How most investors are using passive
A common, sensible structure that has emerged: a low-cost index fund as the core of the equity portfolio, with a smaller active (or mid/small-cap) satellite for those who want a shot at extra return. This 'core-and-satellite' approach captures the low cost and reliability of passive, while leaving room for active where it might still help.
Tip
If you are a beginner and want simplicity, a single low-cost Nifty 50 index fund is a perfectly respectable entire equity core. You can always add a satellite later. Use our SIP calculator to see how a low-cost index SIP compounds over 20-30 years.
The bottom line
The passive boom is not hype, it is the market voting with its money based on a decade of hard data: most active funds, especially in large-cap, fail to beat a cheap index over the long run, and cost is a guaranteed drag. With passive at 18% of Indian AUM and rising (versus ~50% in the US), the trend likely has years to run.
That does not make active 'bad' - it makes cost and evidence matter. For most investors, a low-cost index fund core is the simplest, most reliable way to capture the market's long-term return, with active used selectively if at all.
To go deeper, read our guide on which mutual fund to invest in (the Nifty 50 index fund case), or build the fundamentals with the free Mutual Funds 101 course.
Frequently asked questions
What is passive investing?
Passive investing means putting money in funds that simply copy a market index (like the Nifty 50) instead of trying to beat it. A passive (index) fund holds the same stocks in the same weights as the index, so you get the index's return minus a very low cost. There is no active stock-picking.
Why are index funds becoming so popular in India?
Three reasons: data, cost and awareness. SPIVA reports show most active funds (about 73% of large-cap over 10 years) underperform their benchmark. Index funds cost far less (0.10-0.20% vs 1-1.5% for active).
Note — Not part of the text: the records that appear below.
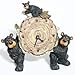 Willie Black Bear with Cub Holding a Birch Log Clock 8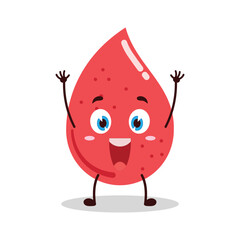 cute rise hand happy expression of blood character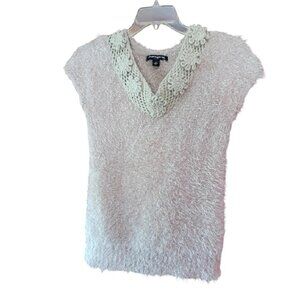 Sharagano Fuzzy Tan Top with Crochet Flowered V-Neckline Size S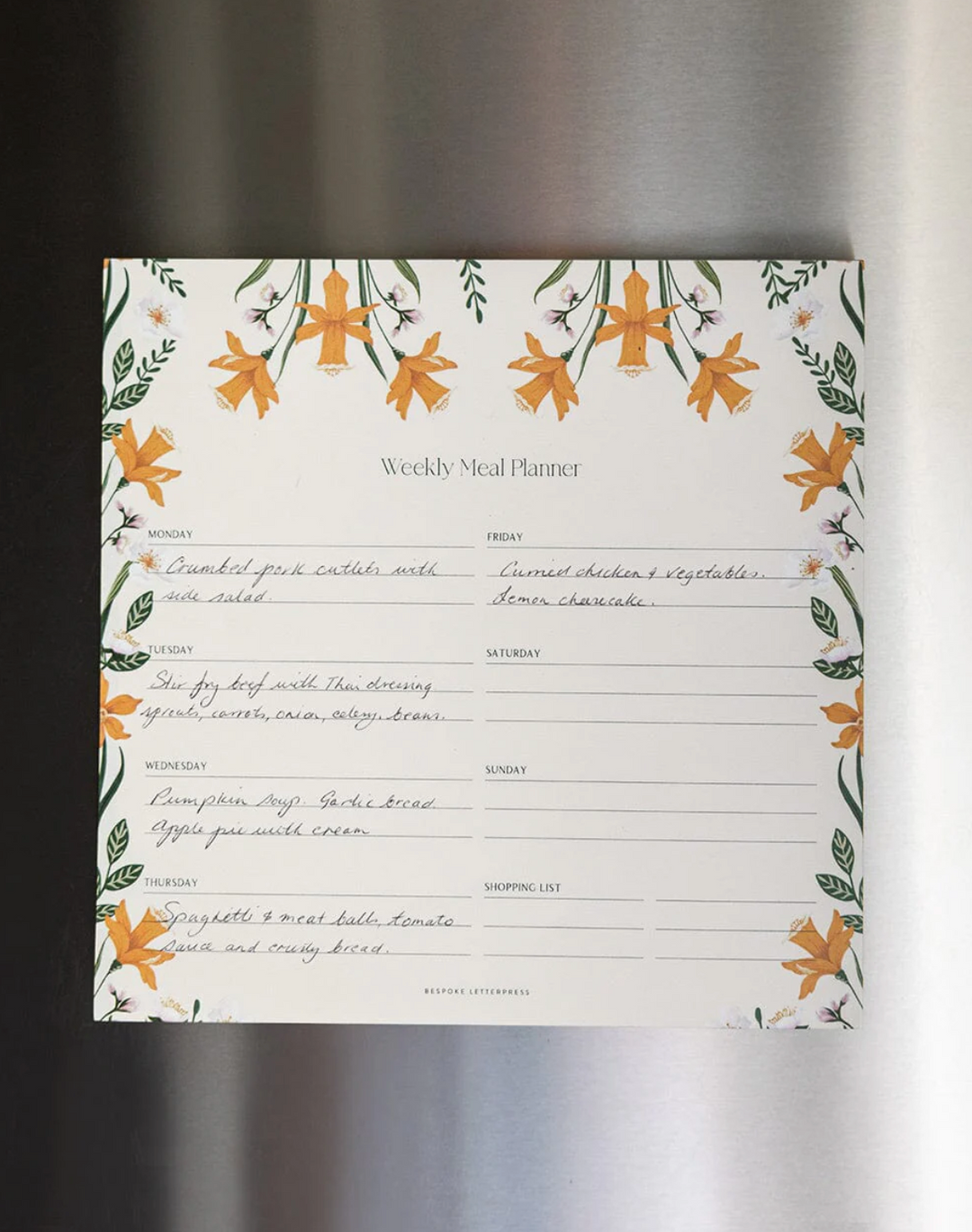 Bespoke Meal Planner - Daffodil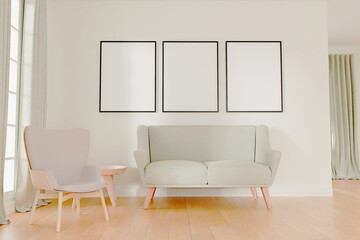 Photo frame mock up.living room design. empty room design interio. 3d rendering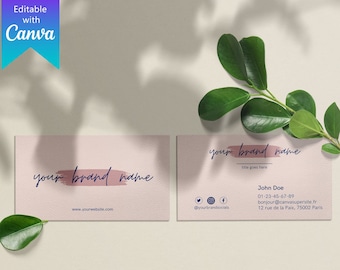 Digital Business Card Template Canva - Editable Minimalist business card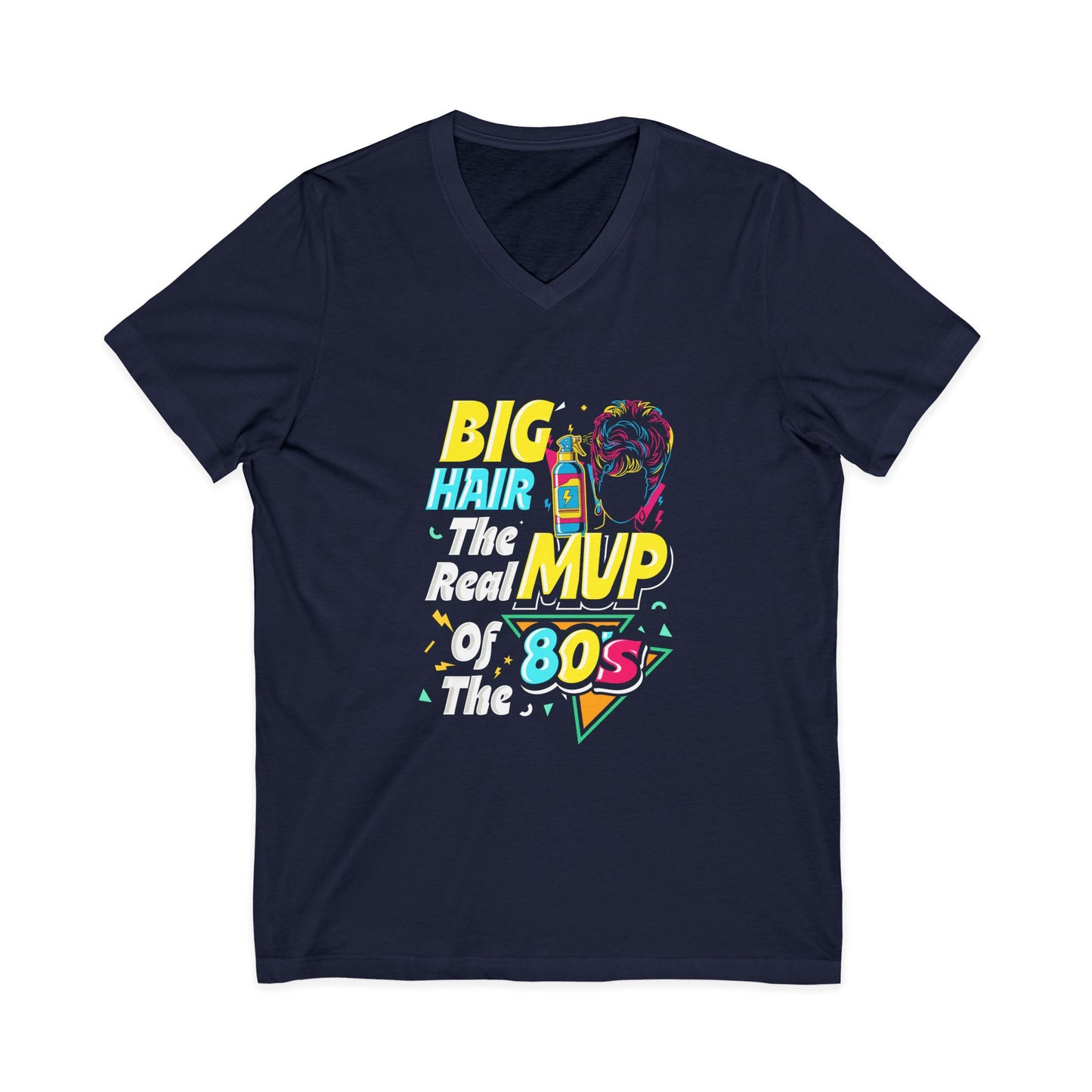 80's Big Hair MVP V-Neck Tee Navy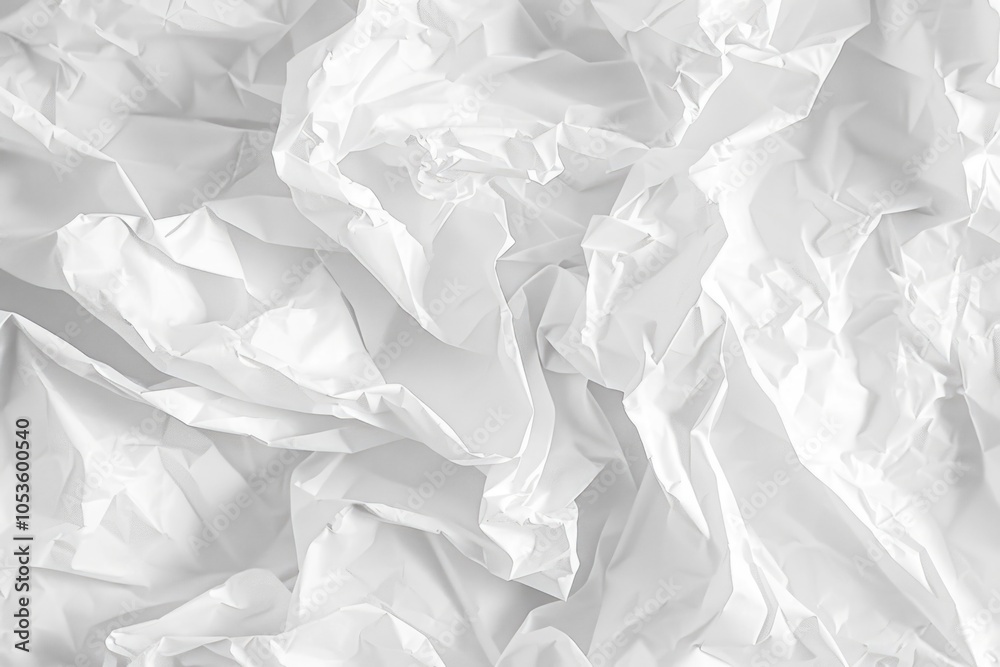 Fototapeta premium A close-up shot of a white crumpled paper with creases and folds
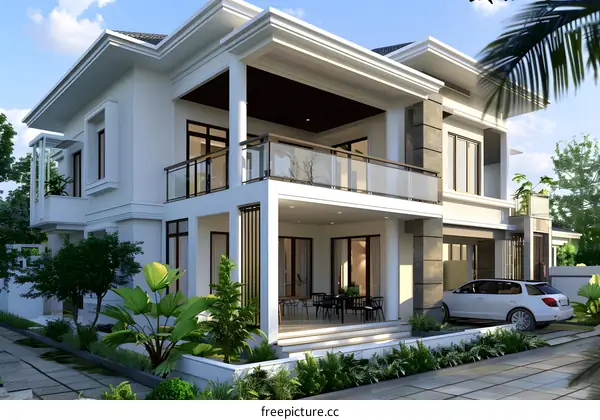 Modern White Two Story Home Exterior Design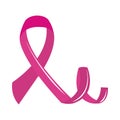 Breast cancer awareness month, curly pink ribbon, healthcare concept flat icon style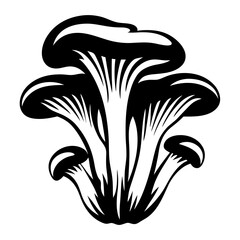 Monochrome illustration of edible oyster mushrooms with clearly defined lines and shapes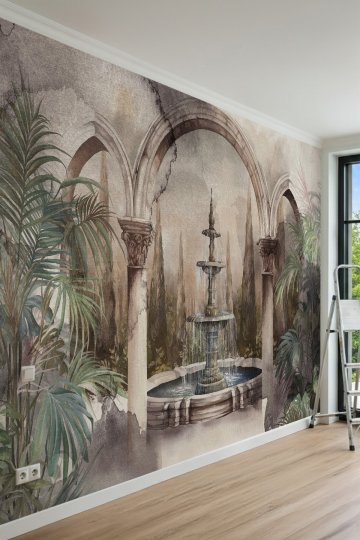 Dreamwall Kemerli Mimari, Klasik Bahçe Çeşmesi ve Tropikal Bitki Motifli Tek Parça Tekstil Duvar Kağıdı küçük görsel 2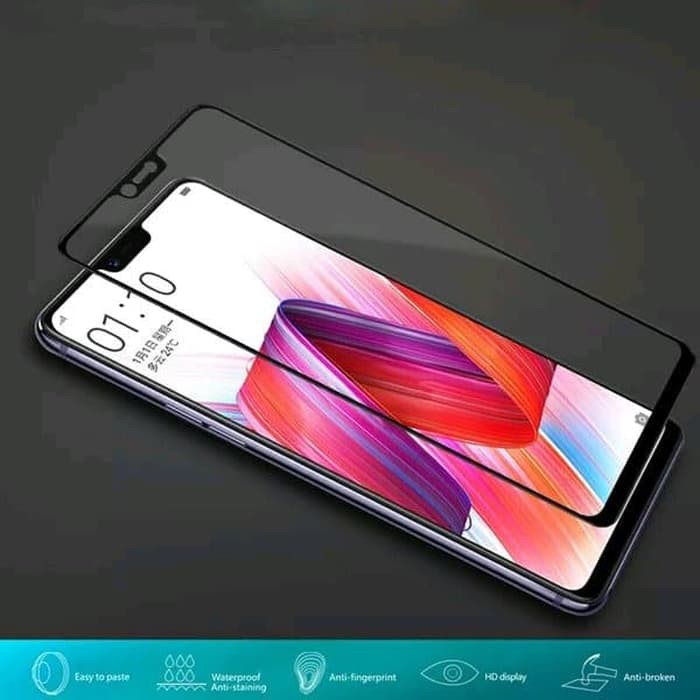 Tempered Glass Full Cover For Oppo F9 - Black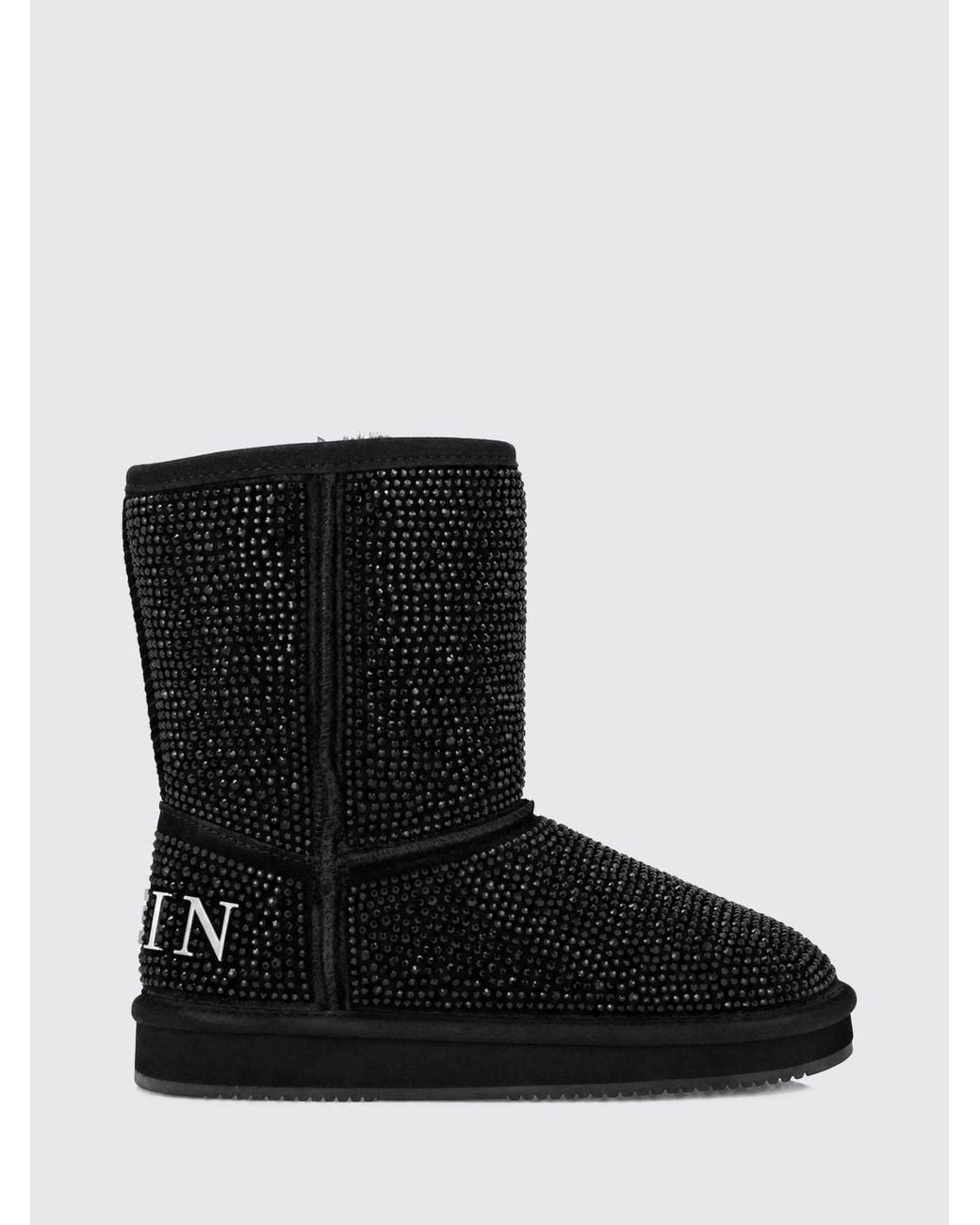 Philipp Plein Black Flat Ankle Boot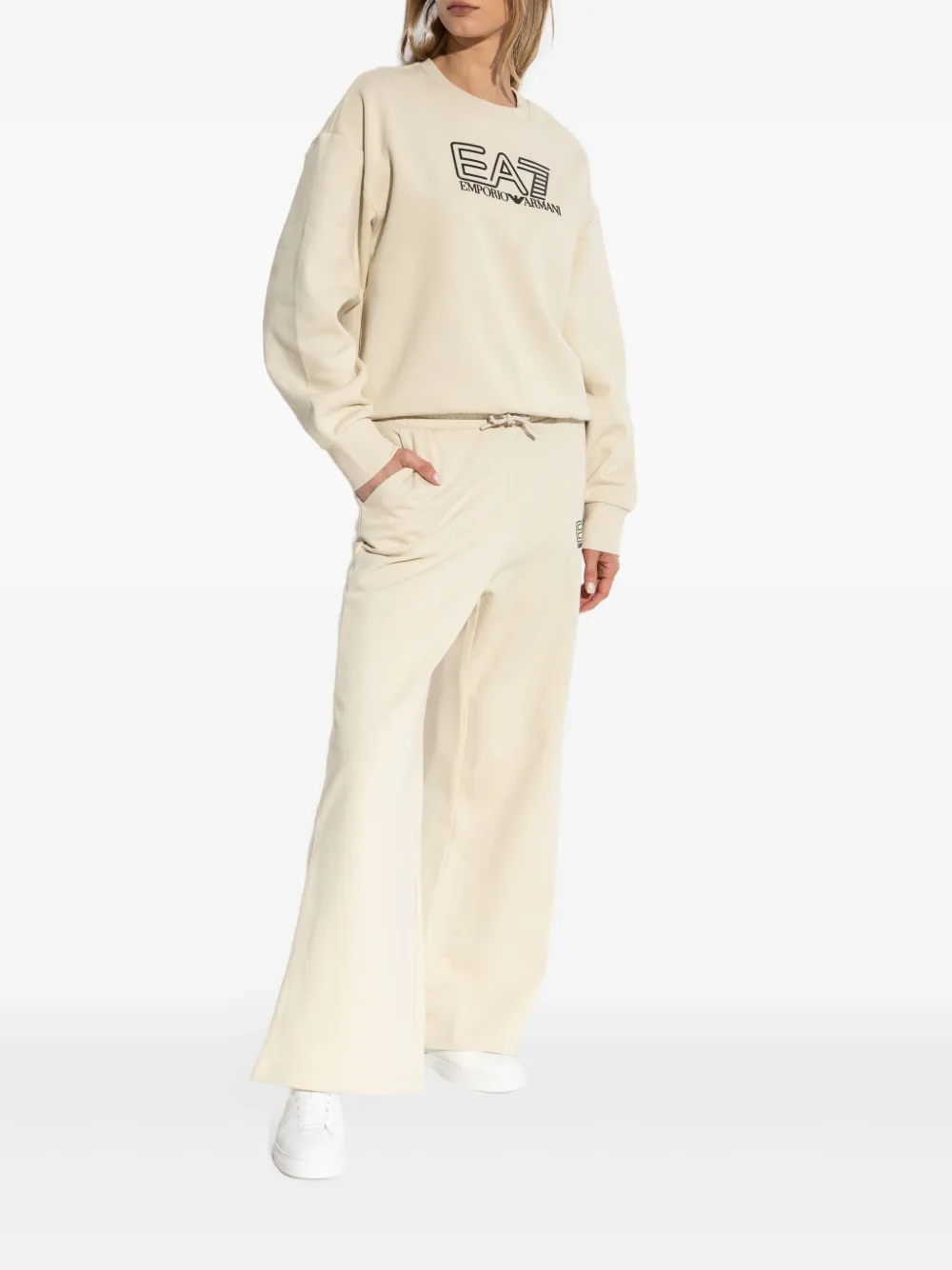 Ea7 Emporio Armani Sweater met logoprint Beige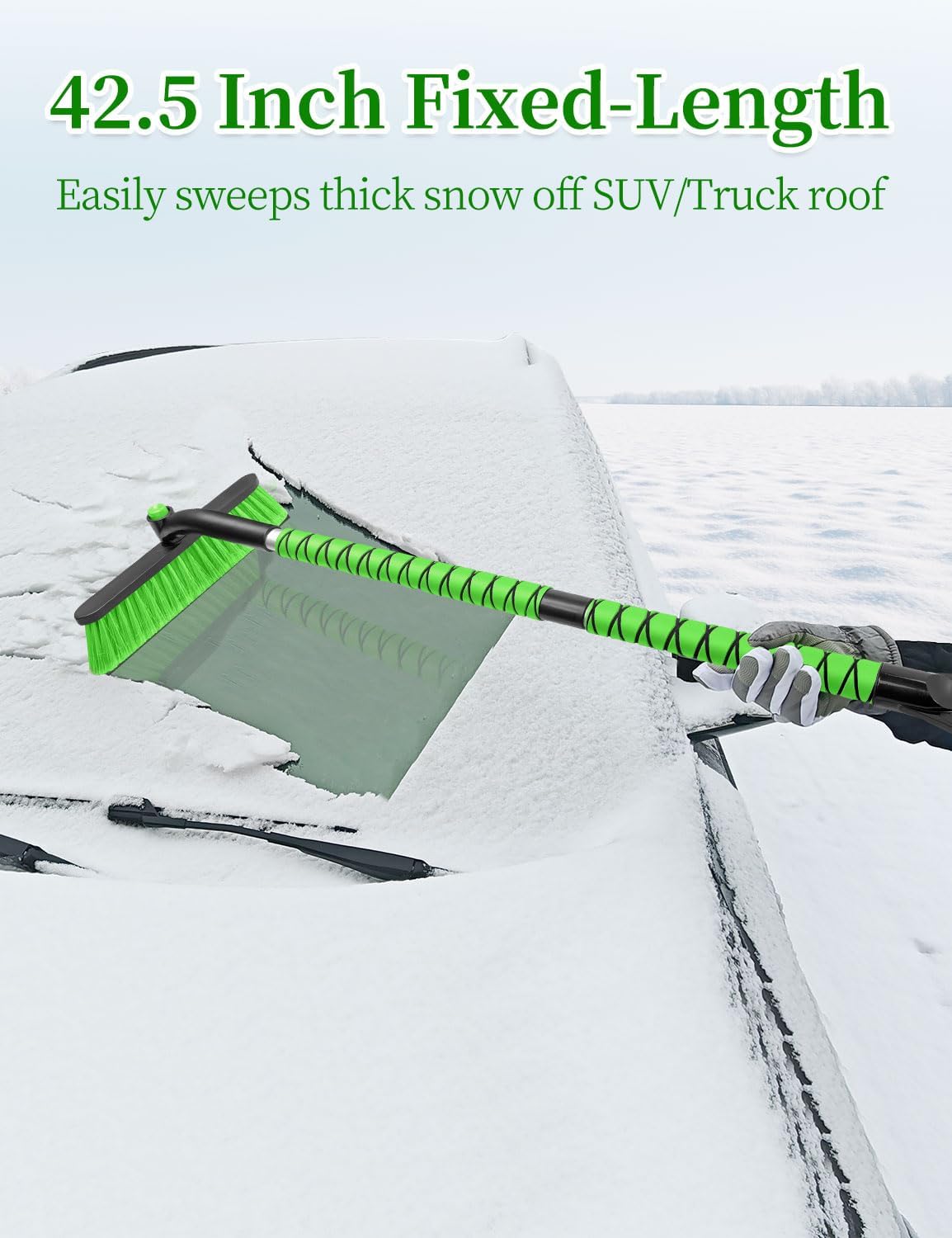 HEEYA 42.5 Inch Car Scraper Snow Brush, 12.6 Inch Large Brush Head with Ice Scraper for Window Windshield, Portable Snow Scraper for SUV Truck Vehicle RV Auto - Green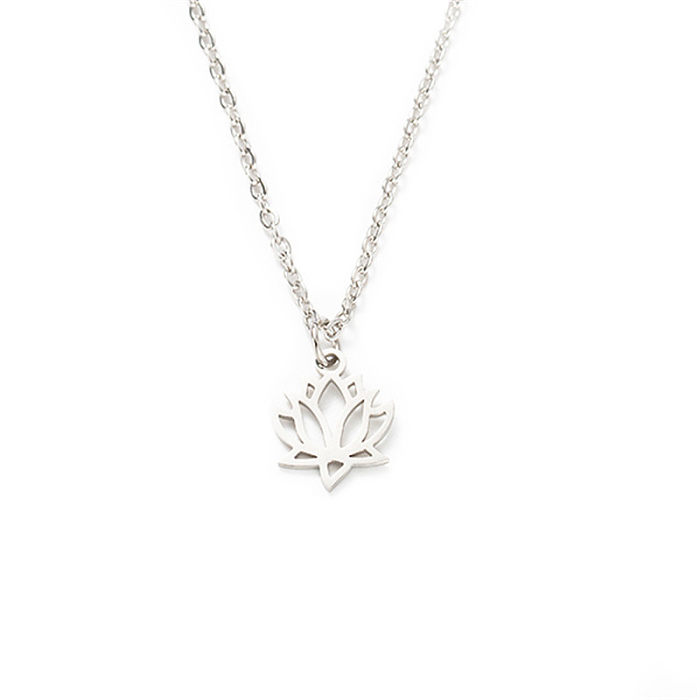 Stainless Steel Full Polished Laser Cut Lotus Necklace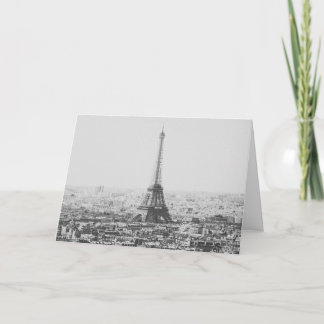 Black and White Eiffel Tower Paris Photography Card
As more investors learned this, passive AUM grew from 3% of the industry in FY17 to about 18% (Rs 14.77 lakh crore) by 2026.
Are index funds better than active funds?
For core large-cap exposure over the long run, the evidence strongly favours low-cost index funds, since most active large-cap funds underperform after costs. Active can still add value in less-efficient segments like mid/small-cap or in debt, but picking the winning active fund in advance is hard. Many investors use a passive core with a small active satellite.
What is SPIVA?
SPIVA (S&P Indices Versus Active) is a twice-yearly scorecard from S&P Dow Jones Indices that measures how actively managed funds perform against their benchmark indices. SPIVA India consistently shows most active funds underperforming over long periods - about 73% of large-cap and 82% of mid/small-cap funds trailed their benchmark over the 10 years ending December 2025.
What is the difference between an index fund and an ETF?
Both track an index passively. An index fund is a regular mutual fund bought at end-of-day NAV, SIP-friendly, no demat account needed. An ETF (Exchange Traded Fund) trades on the stock exchange at live prices during market hours and needs a demat account, often at a slightly lower cost. For most SIP investors, an index fund is more convenient.
Is active management dead in India?
No. While most active large-cap funds underperform the index over the long run, active management can still add value in less-efficient areas like mid/small-cap (active mid/small funds had a majority-outperformance year in 2025) and in debt funds. The shift is about cost and evidence, not about active having zero role.
This article is for general education only and is not personalised investment, tax or legal advice. Mutual fund investments are subject to market risks. Read all scheme related documents carefully before investing. Tax rules are stated for the financial year 2025-26 and may change. Please consult a qualified adviser before acting on any information here.